Dem Bw kann ein schuldhaftes Verhalten nicht vorgeworfen werden, weil dem vom Verwaltungsgerichtshof postulierten "Bleiberecht nach dem NAG" zwangsläufig auch ein über den Abschiebeschutz und über die durch Antrag eingeleiteten Verfahren hinausgehender Inhalt zukommt. Denn wenn nach einer Interessenabwägung iSd Art 8 EMRK die Ausweisung des Bw auf Dauer unzulässig wäre, so müsste ihm von Amts wegen ein Aufenthaltstitel nach § 43 Abs. 2 oder § 44 Abs. 3 NAG erteilt werden. Dies ist allerdings nach § 44b Abs. 3 letzter Satz NAG nur möglich, solange sich der Fremde im Bundesgebiet aufhält. Für den Bw liegt somit eine entschuldigende Notstandssituation iSd § 6 VStG mit einem unauflöslichen Interessenkonflikt vor, wenn er einerseits zur Ausreise verpflichtet ist und andererseits aber im Inland bleiben muss, damit die Verleihung eines Aufenthaltsrechtes infolge einer für den Bw positiven Ausweisungsentscheidung überhaupt möglich ist. Ohne der Berufungsentscheidung vorzugreifen, erscheint die Berufung gegen die erstinstanzliche Ausweisungsentscheidung nicht von vorneherein als aussichtslos. Die vom Bw glaubhaft gemachten Umstände sprechen für eine sehr gute Integration in Österreich.
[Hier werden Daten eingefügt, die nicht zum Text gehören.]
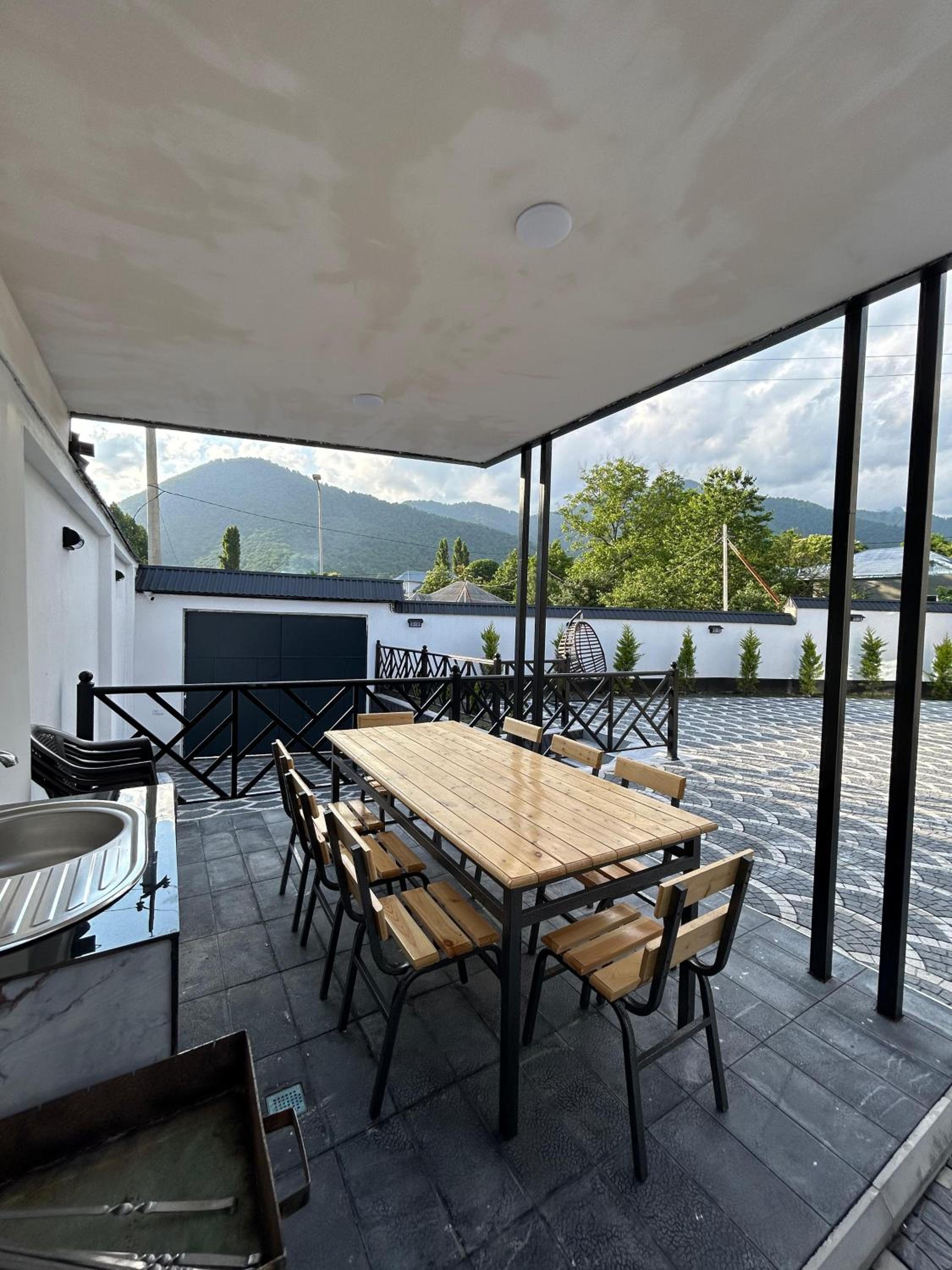 Luxury Milan Mountain Ponoramic Villa, indoor heated pool and jacuzzi with mountain view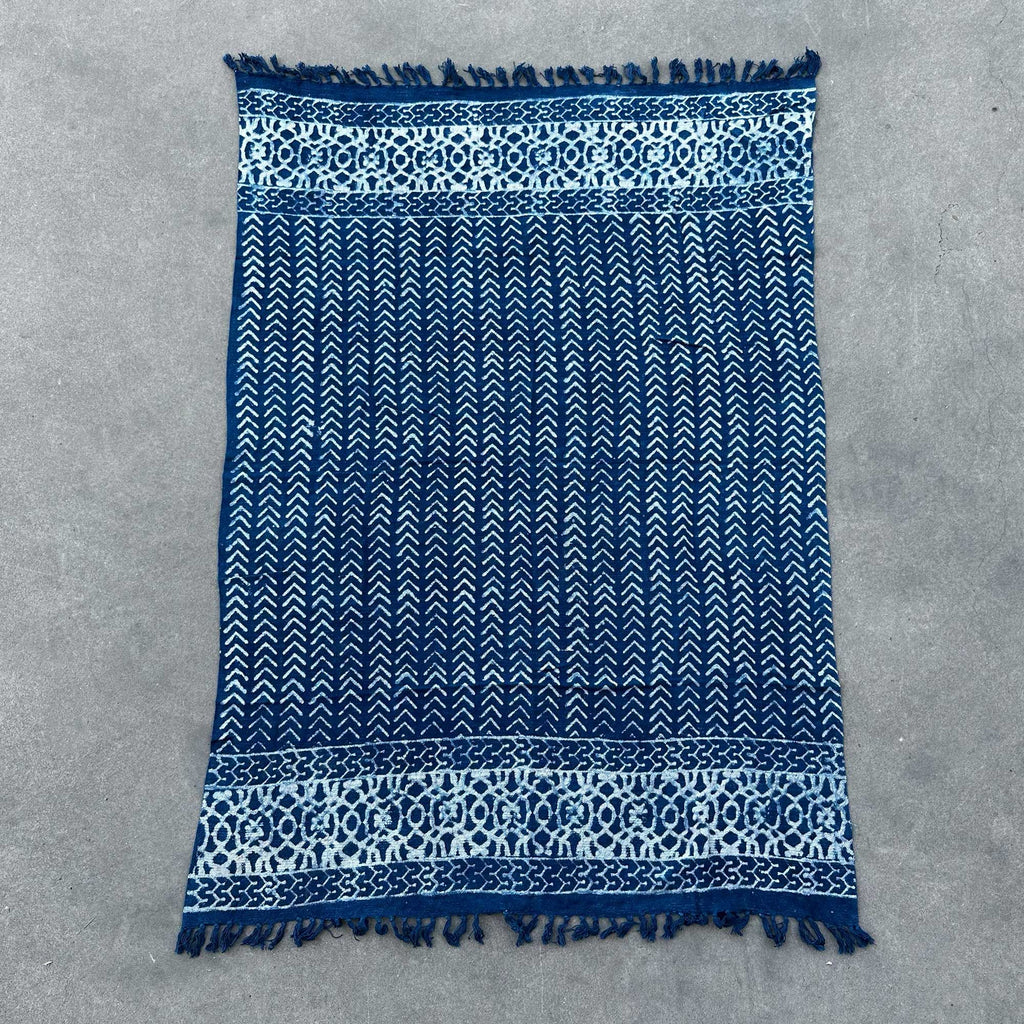 Handmade Indigo Throw with Seedha Arrows Design for Home Decor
Der Eingriff in sein Privat– und Familienleben durch fremdenpolizeiliche Maßnahmen könnte angesichts der von ihm nicht verschuldeten langen Dauer des einzigen Asylverfahrens im Lichte der zitierten Judikatur des Verfassungsgerichtshofs als unverhältnismäßig gewertet werden.

Der Bw ging daher im vorliegenden Fall vertretbar davon aus, die rechtskräftige Entscheidung über seine Ausweisung im Inland abwarten zu dürfen. Würde er seiner Ausreisepflicht nachkommen, wären nämlich auf Grund der Gesetzeslage des NAG seine Chancen auf einen Aufenthaltstitel zunichte gemacht. Ein Verfahren nach dem NAG wäre einzustellen bzw von Amts wegen gar nicht einzuleiten. In dieser Zwangslage kann dem Bw die angelastete Tat nicht zum Vorwurf gemacht werden.

Der Berufung war daher stattzugeben, das angefochtene Straferkenntnis aufzuheben und das Strafverfahren gemäß § 45 Abs. 1 Z 2 VStG einzustellen, weil entschuldigende Umstände vorliegen, die die Strafbarkeit des Bw ausschließen.

5. Bei diesem Ergebnis war dem Bw gemäß § 66 Abs. 1 VStG weder ein Beitrag zu den Kosten des Berufungsverfahrens vor dem Unabhängigen Verwaltungssenat des Landes Oberösterreich noch ein Beitrag zu den Kosten des Strafverfahrens vor der belangten Behörde vorzuschreiben.

Rechtsmittelbelehrung:

Gegen diesen Bescheid ist kein ordentliches Rechtsmittel zulässig.

Hinweis:

Gegen diesen Bescheid kann innerhalb von sechs Wochen ab seiner Zustellung Beschwerde an den Verfassungsgerichtshof und/oder an den Verwaltungs­gerichtshof erhoben werden; diese muss – von gesetzlichen Ausnahmen abgesehen – jeweils von einer bevollmächtigten Rechtsanwältin oder einem bevollmächtigten Rechtsanwalt eingebracht werden. Für jede dieser Beschwerden ist eine Eingabegebühr von 220 Euro zu entrichten.